Another leader in the fight against high drug prices is MD Anderson’s Dr. Hagop Kantarjian, a world expert in the field of chronic myeloid leukemia (CML). He jumped into action because his patients were having trouble paying for Gleevec, which had tripled in price to nearly $100,000 per year since the treatment was first introduced in 2003. He was the lead author of a hard-hitting commentary published online in the medical journal of hematology, Blood, which appeared on April 25, 2013 and was signed by more than 120 CML specialists from 15 countries on five continents.  The editorial charged that cancer drug prices were “unsustainable,” “unjustified,” and “harmful” to patients.  It labeled the practice of charging such high prices to desperate patients who will pay any price for a chance at life as “profiteering.”

 

Role of Medicare in Drug Pricing

The 2003 Medicare Prescription Drug, Improvement, and Modernization Act established the federal Part D drug program to help with drug payments for millions of Medicare recipients, which provided a bonanza for the pharmaceutical companies.  The drug companies lobbied successfully to bar Medicare from negotiating the price of drugs. At the same time, the law stipulated that Medicare Part D had to pay for all approved cancer drugs. “This was a double whammy,” says Dr. Kantjarian, “You cannot negotiate the drug prices and at the same time you have to pay for 100% of them.  This left the drug company as the single entity that decided drug prices and allowed them to increase them without any restraining factors.”  Note that the so-called benefit managers like Express Scripts and CVS Caremark can and do negotiate drug prices as does the Veterans Administration.

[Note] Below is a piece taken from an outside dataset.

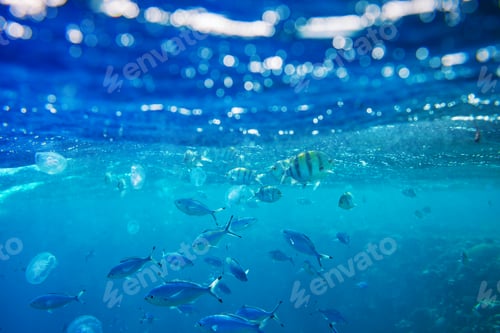 Vorschau: Fische unter Wasser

Memorial’s Dr. Bach wrote another Op-Ed piece[2] in the New York Times on January 14, 2015, saying that drug manufacturers are taking advantage of a mix of Medicare, Medicaid, and state laws that “force insurers to include all expensive drugs in their policies (formularies) and a philosophy that demands that every new health care product be available to everyone no matter how little it helps or how much it costs.” Other countries, such as France and Germany, he notes, decline to cover a handful of drugs that are less effective and more costly than equivalent drugs. The result is that, on average, Europeans pay half as much as Americans do for the same therapies.

 

The NIH’s Role in Drug Development

It is well known that the National Institutes of Health invests in basic research related to biological targets that can lead to drug development. An analysis of this thesis entitled “Contribution of NIH funding to new drug approvals 2010–2016[3]” showed the following: “This report shows that NIH funding contributed to published research associated with every one of the 210 new drugs approved by the Food and Drug Administration from 2010–2016.” The grant funding totaled more than $100 billion for basic research focusing on the biological targets which could later lead to applied research by drug companies for those targets, the point being that the NIH basic research was a prerequisite for the later drug development research.

 

What is Being Done About Drug Pricing?

A 2015 study of 64 drugs under Part B by the Health and Human Services Inspector General showed that 80% of the drugs’ price increases exceeded the rate of inflation.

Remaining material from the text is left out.